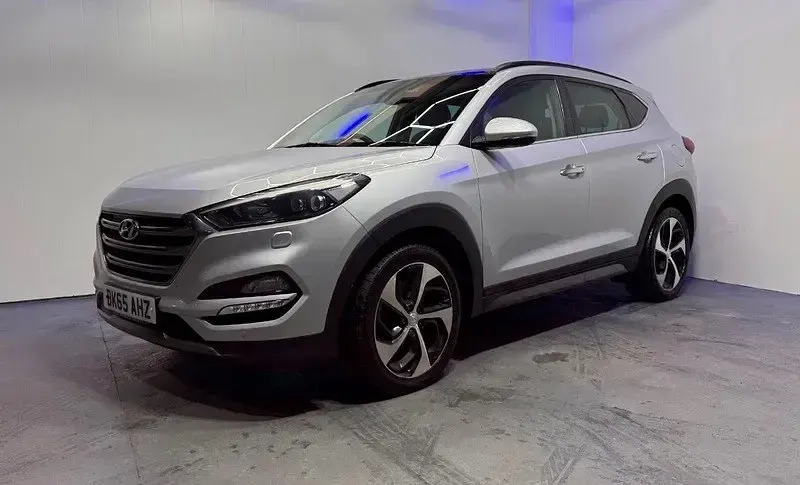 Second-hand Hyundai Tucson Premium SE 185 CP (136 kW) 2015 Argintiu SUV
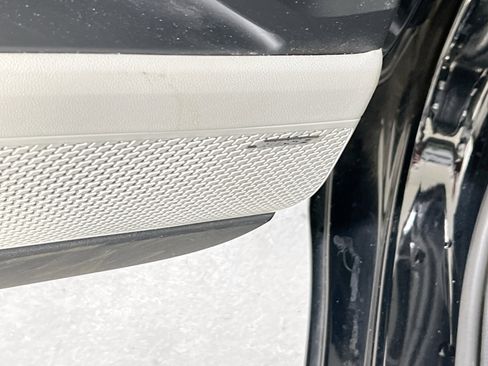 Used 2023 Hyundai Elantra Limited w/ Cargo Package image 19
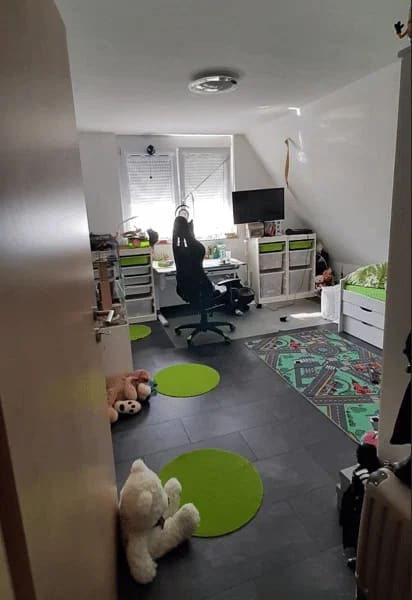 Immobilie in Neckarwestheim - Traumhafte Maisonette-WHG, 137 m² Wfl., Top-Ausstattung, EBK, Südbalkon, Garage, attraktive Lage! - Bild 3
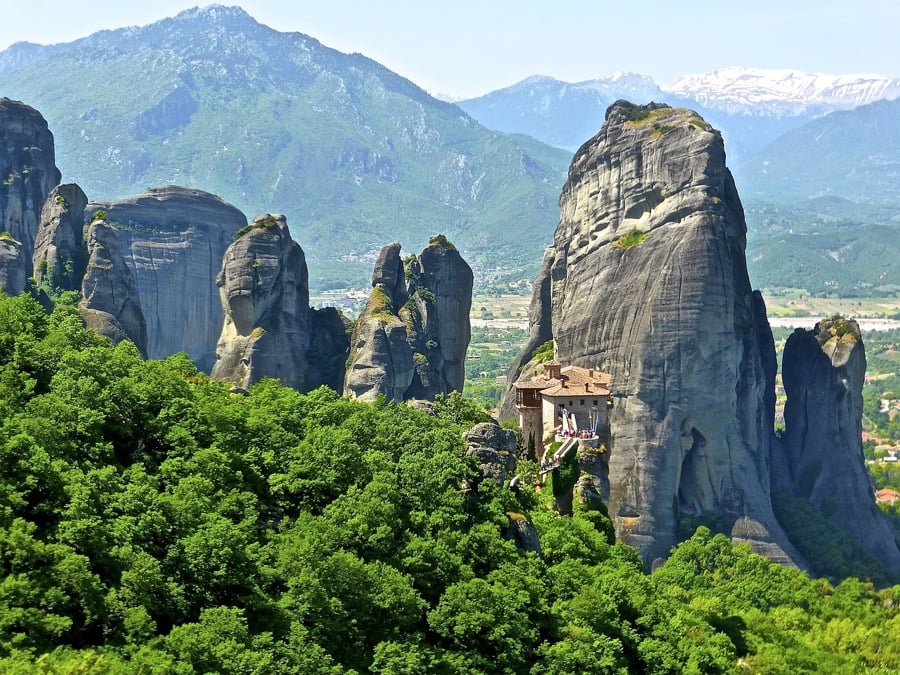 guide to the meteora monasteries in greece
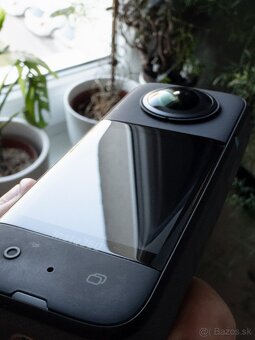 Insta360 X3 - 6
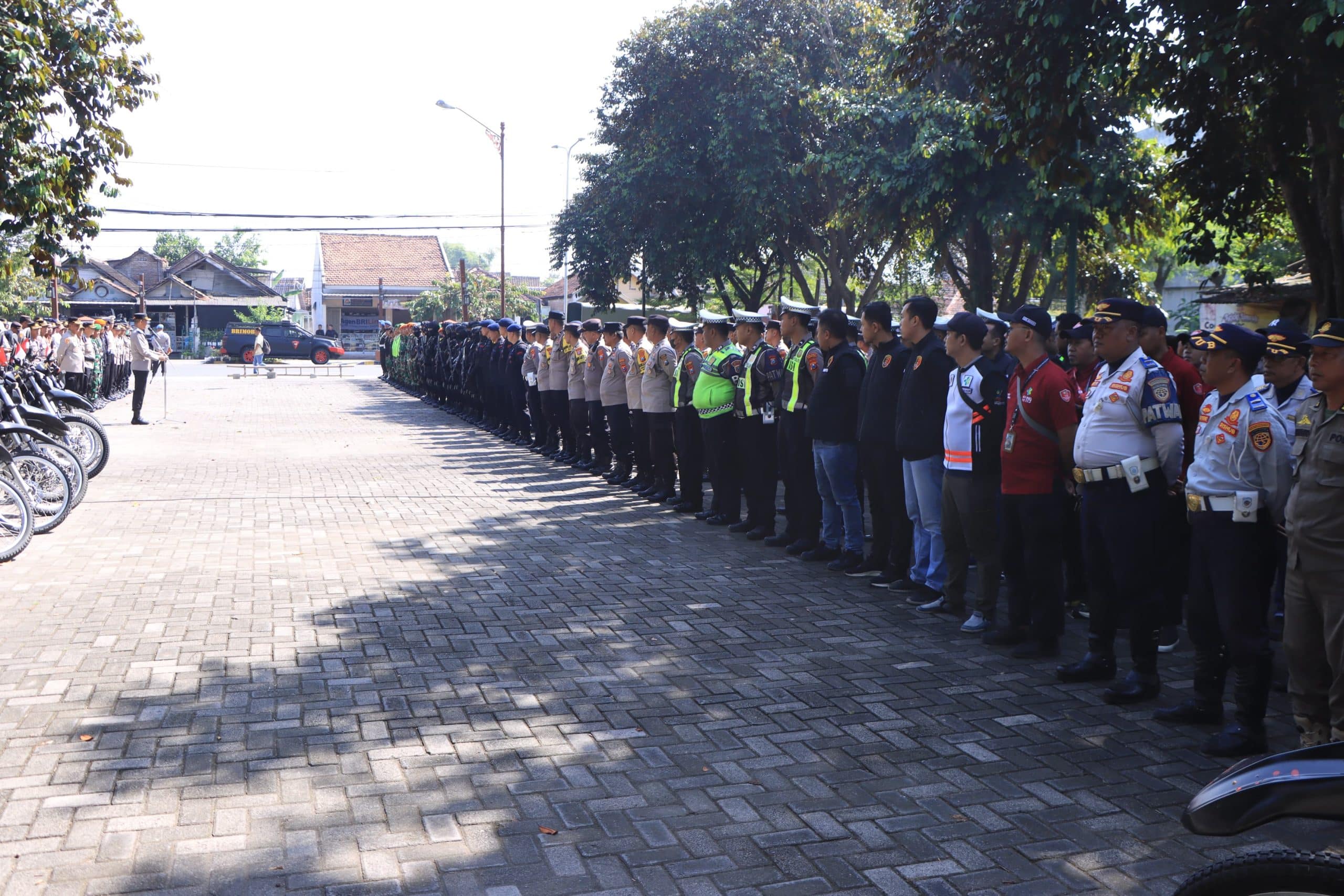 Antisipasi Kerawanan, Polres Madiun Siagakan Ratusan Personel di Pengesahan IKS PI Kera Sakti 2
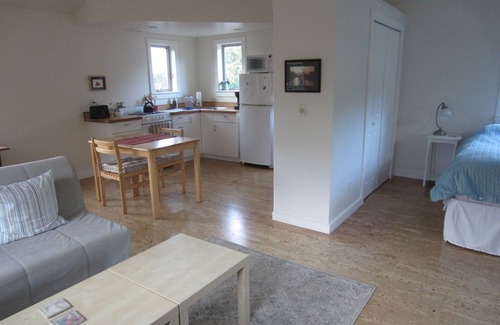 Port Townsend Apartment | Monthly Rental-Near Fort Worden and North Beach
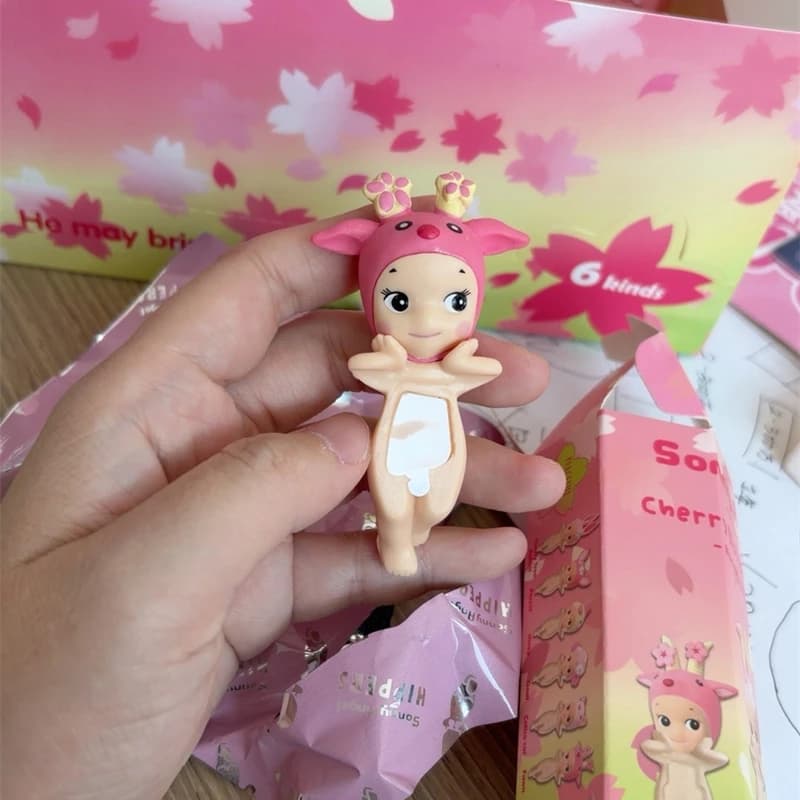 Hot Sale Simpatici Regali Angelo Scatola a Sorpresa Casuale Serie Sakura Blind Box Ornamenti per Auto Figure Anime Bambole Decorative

........

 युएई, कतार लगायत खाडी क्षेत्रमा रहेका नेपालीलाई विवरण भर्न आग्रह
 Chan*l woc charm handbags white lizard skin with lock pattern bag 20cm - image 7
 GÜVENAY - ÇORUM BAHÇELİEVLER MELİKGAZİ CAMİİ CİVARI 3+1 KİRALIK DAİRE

........

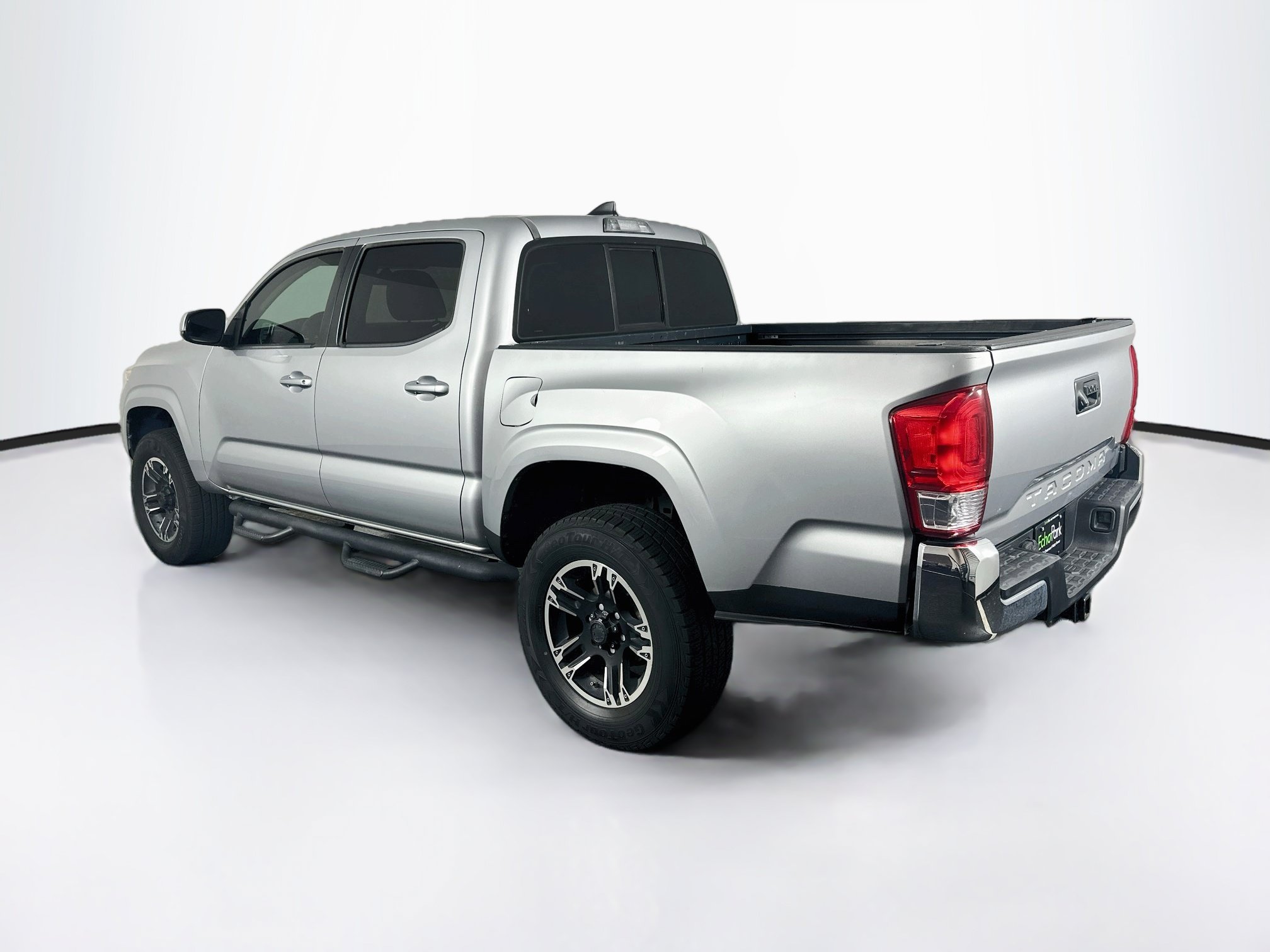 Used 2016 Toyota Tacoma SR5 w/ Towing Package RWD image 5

........

## ABOUT THIS TASK
Everything from the line above that contains "Immobilie in Neckarwestheim" down to the line that contains "Hot Sale Simpatici" must be reproduced exactly, both ends included. Omit the pictures.

## SOLUTION
 Immobilie in Neckarwestheim - Traumhafte Maisonette-WHG, 137 m² Wfl., Top-Ausstattung, EBK, Südbalkon, Garage, attraktive Lage! - Bild 3
 guide to the meteora monasteries in greece
 Insta360 X3 - 6
 Antisipasi Kerawanan, Polres Madiun Siagakan Ratusan Personel di Pengesahan IKS PI Kera Sakti 2
 Port Townsend Apartment | Monthly Rental-Near Fort Worden and North Beach
 Hot Sale Simpatici Regali Angelo Scatola a Sorpresa Casuale Serie Sakura Blind Box Ornamenti per Auto Figure Anime Bambole Decorative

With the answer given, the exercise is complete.